"Ingram, Atchley, and Segal offer a thoughtful, wonderfully sophisticated, and nonetheless accessible account of vulnerability to depression. Never before has a book on depression so successfully integrated cognitive neuroscience and prevention/treatment research. This was the perfect team to do it! If you want a comprehensive, integrated account of the diverse work on depression vulnerability, this is the book you need."--Daniel R. Strunk, PhD, Department of Psychology, The Ohio State University
"This is an essential text for researchers, clinicians, and graduate students wanting a clear, up-to-date, multifaceted understanding of research into depression. Remarkable in lucidity, balance, and thoroughness, it puts recent cognitive and neurobiological findings into historical perspective, illuminates diverse conceptualizations and research strategies, highlights the strengths and limitations of various approaches, and provides clear avenues for further study. This is a 'must read' for anyone with a serious interest in understanding depression today."--Ronald D. Siegel, PsyD, Department of Psychiatry, Harvard Medical School
"The question of what mechanisms underlie depression is crucial for understanding and treating this disorder. Answers have begun to emerge from both the cognitive and the neuroscience literatures. The time is right for synthesizing the cognitive, neuroscience, and treatment literatures so that an integrated approach to depression vulnerability can be formulated and prevention and management interventions can be optimized. Ingram, Atchley, and Segal provide a theoretically sophisticated, practical synthesis that will appeal to both researchers and clinicians."--Dan J. Stein, MD, PhD, Department of Psychiatry, University of Cape Town, South Africa, and Mt. Sinai School of Medicine, New York
"Ingram, Atchley, and Segal offer a well-written, jargon-free work that translates current, cutting-edge science into understandable terms and concepts. This book is informative for students and scholars alike. Well done!"--Kenneth A. Dodge, PhD, Director, Center for Child and Family Policy, Duke University
About the Author
Rick E. Ingram, PhD, is Professor of Psychology at the University of Kansas. His research focuses on cognitive functioning in emotional disorders, with a particular emphasis on the cognitive features of individuals at risk for depression. Dr. Ingram is a recipient of the New Researcher Award from the Association for Advancement of Behavior Therapy (now the Association for Behavioral and Cognitive Therapies) and the Distinguished Scientific Award for Early Career Contributions to Psychology from the American Psychological Association, and is a Division 12 Fellow of the American Psychological Association.

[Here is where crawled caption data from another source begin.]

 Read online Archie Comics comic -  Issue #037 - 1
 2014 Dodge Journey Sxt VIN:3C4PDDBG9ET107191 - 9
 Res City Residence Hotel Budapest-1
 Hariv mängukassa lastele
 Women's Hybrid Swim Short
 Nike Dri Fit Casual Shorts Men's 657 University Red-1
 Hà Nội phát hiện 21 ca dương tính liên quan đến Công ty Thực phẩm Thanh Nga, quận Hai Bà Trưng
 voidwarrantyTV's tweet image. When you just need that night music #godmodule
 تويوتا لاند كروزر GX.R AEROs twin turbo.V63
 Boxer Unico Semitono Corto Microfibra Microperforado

Ruth Ann Atchley, PhD, is Chair of the Department of Psychology and a member of the Cognitive and Clinical PhD Programs at the University of Kansas. Her research uniquely combines event-related-potential electrophysiological data with divided-visual-field research techniques to examine hemispheric differences in linguistic and other cognitive processes. Over the last 10 years, Dr. Atchley has investigated how neurolinguistic processes contribute to the negative cognitive bias seen in depressed individuals and those with chronic pain disorders.
Zindel V. Segal, PhD, is the Cameron Wilson Chair in Depression Studies and Head of the Mood and Anxiety Disorders Program in the Department of Psychiatry at the University of Toronto. He is also Head of the Cognitive Behaviour Therapy Unit at the Centre for Addiction and Mental Health. Dr. Segal has studied and published widely on psychological treatments for depression for more than 25 years. He and his colleagues have pioneered the combined use of mindfulness meditation and cognitive therapy as an effective relapse prevention treatment.